煩悩ラプソディ
第34章 君の瞳に恋してる/AN
それからは、ただがむしゃらに与えられたお仕事に取り組んだ。
あの晩は完全に打ちひしがれて、食欲も湧かずにお母さんもかなり心配してたけど。
くたくたになってしまった相葉さんのファンレターを丁寧に伸ばしながら、ゆっくりと気持ちを整理したんだ。
大丈夫。
これさえあれば、俺は頑張れるから。
二宮和也を応援してくれている人は、他にもたくさんいる。
本当はそのひとりひとりに同じように感謝しなきゃいけないんだよ。
だからいくら心の拠り所にしてたって、相葉さんは俺を支えてくれるファンのひとりでしかない。

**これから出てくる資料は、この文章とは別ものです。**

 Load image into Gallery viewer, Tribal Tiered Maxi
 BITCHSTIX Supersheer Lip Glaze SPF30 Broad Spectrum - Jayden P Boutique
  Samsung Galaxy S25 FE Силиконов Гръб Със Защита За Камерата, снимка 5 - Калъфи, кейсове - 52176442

ここに書かれてあるように、応援してくれてるって事実だけで十分じゃないか。
ちょっと親近感を覚えてしまったばっかりに、流さなくていい涙を流してしまったんだ、きっと。
会えなくたって、直接言葉を交わさなくたって。
実感できなくても、信じるしかないんだ。
だから、笑顔でいなきゃ。
俺が笑顔でいれば、相葉さんもきっと見てくれてるはず。
そう思い直したら、沈んでた気持ちは少しずつ浮いてきて。
心なしか前よりも強くなれたような気がするのは、きっと相葉さんのおかげ。
相変わらずファンレターはお守りみたいに持ってるけど、その文字を見る頻度は段々と減ってきた。

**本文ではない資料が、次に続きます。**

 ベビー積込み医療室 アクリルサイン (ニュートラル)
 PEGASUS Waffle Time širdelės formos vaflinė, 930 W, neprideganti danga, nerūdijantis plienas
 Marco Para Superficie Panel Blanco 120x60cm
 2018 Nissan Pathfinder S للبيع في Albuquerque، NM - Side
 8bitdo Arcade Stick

やっと自分の足で立てるようになったというか、ヒナ鳥が親元を離れ巣立っていくような感覚。
そんな前向きな気持ちで自分と向き合えるようになった頃、舞い込んできたひとつのお仕事。
「…学園祭?」
「あぁ、これからシーズンだろ。幾つかの高校から既にオファーが来てる」
レッスン終わりの車内で翔さんから告げられたお仕事の内容。
元々断る選択肢なんて俺にはないけど、これに関してはすぐにこくりと首を縦に振った。
だって、学園祭だなんて絶対楽しいに決まってるもん。
俺には経験できない、まさに学校行事の看板みたいなものだし。
お仕事だけど…ちょっとは雰囲気楽しんでもいいよね。
「どうした?やけに嬉しそうだけど」
「えっ、いや…頑張りますっ!」
ルームミラー越しに向けられた視線に、思わず背筋を伸ばして返事をした。